Wednesday, 26 February 2014

Spinning High on the Hog....Island

Hog Island

Critical Conservation(less than 200 registered animals)
Staple length 3.8-6.5cm
Micron 22-32

My Hog Island sample came from Nosheepyet on Ravelry, along with a short history of the breed. This was the defining moment where my interest in the history behind the fleece and beyond the lamb chop was awakened.
So...this breed originated from Hog Island, off the coast of Virginia, USA in the 1700s. There they roamed free, without fences or predators for hundreds of years, until 1933 when people left the island fleeing a hurricane. Many sheep remained, reverting to their feral state until 1974 where they were rounded up by the Nature Conservancy and now many remain part of the heritage landscapes of living history museums, including Plymouth Plantation, the Museum of American Frontier Culture, Mount Vernon Estate and Gardens, George Mason’s Gunston Hall, George Washington’s Birthplace, and the National Colonial Farm.
Hog island sheep are tough and hardy. Interestingly lambs are usually born with spotted or speckled fleece which disappear upon maturing. Spotted faces and legs are common. They are primarily white fleeced with about only 10% black.  Making them even more interesting and unique is the fact that their lines have been preserved as an insight into American history and not bred for characteristics as with most modern sheep.  Feral sheep are rare in itself and Hog Island is one of the few feral populations in the US.

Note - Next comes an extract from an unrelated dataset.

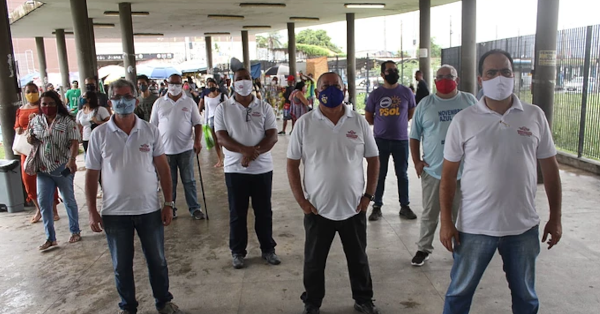 Rodoviários de Recife realizam protesto pela vacinação imediata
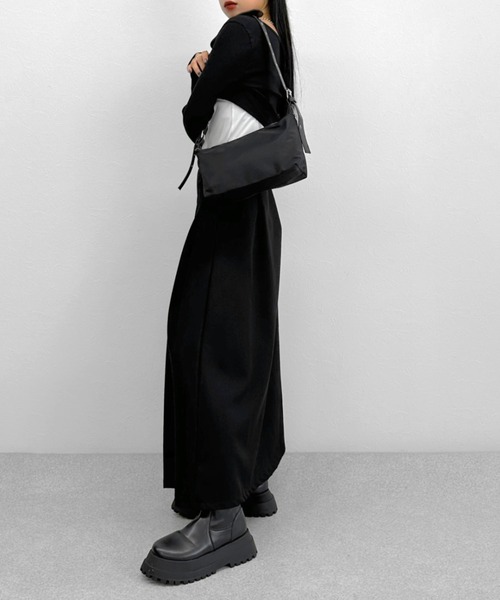 LVEU.（ラブユ.）の「【LVEU.】ベルトショルダースクエアバッグ / バッグ 鞄 BAG ショルダー スクエア 斜め掛け ブラック（ショルダーバッグ・レディース・ブラック・FREE）」の13枚目の写真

My Spinning Experience: My particular sample was just awesome for providing a medium workhorse yarn. Whilst perhaps not high on my Princess Skin Softness Scale, it is right up there as a must-have-a-go-at-spinning fiber. Enjoy!
Recommended further reading: livestock conservancy

1 comment:

  1. Thank you for a fascinating look at this breed. I really enjoyed reading your post, and learned a lot, too!